About this task ▸
Go through the data below and return each line where the string "Suites" appears.

= = = =

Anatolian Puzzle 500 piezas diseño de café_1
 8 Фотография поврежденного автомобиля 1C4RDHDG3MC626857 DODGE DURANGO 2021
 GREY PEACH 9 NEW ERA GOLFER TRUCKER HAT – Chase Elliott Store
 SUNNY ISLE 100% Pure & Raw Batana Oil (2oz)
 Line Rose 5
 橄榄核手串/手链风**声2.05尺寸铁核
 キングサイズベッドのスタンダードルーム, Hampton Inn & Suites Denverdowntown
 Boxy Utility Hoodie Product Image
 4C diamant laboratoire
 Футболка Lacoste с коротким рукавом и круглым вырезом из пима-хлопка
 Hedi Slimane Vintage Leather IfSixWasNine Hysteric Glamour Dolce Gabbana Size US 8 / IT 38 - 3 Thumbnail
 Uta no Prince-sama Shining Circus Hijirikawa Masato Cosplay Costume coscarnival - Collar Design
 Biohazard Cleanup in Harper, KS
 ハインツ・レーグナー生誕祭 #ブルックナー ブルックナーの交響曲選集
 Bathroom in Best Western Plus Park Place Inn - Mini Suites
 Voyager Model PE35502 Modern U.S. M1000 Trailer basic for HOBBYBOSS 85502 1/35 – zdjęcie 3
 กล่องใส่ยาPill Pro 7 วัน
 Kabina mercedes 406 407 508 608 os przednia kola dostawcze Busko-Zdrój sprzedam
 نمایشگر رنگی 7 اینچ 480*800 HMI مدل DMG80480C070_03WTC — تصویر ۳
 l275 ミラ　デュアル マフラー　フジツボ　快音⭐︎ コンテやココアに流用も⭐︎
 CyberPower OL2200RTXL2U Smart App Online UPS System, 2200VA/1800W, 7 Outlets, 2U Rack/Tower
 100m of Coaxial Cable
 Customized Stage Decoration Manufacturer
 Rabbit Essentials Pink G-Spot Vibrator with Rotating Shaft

= = = =

Task response ▸
 キングサイズベッドのスタンダードルーム, Hampton Inn & Suites Denverdowntown
 Bathroom in Best Western Plus Park Place Inn - Mini Suites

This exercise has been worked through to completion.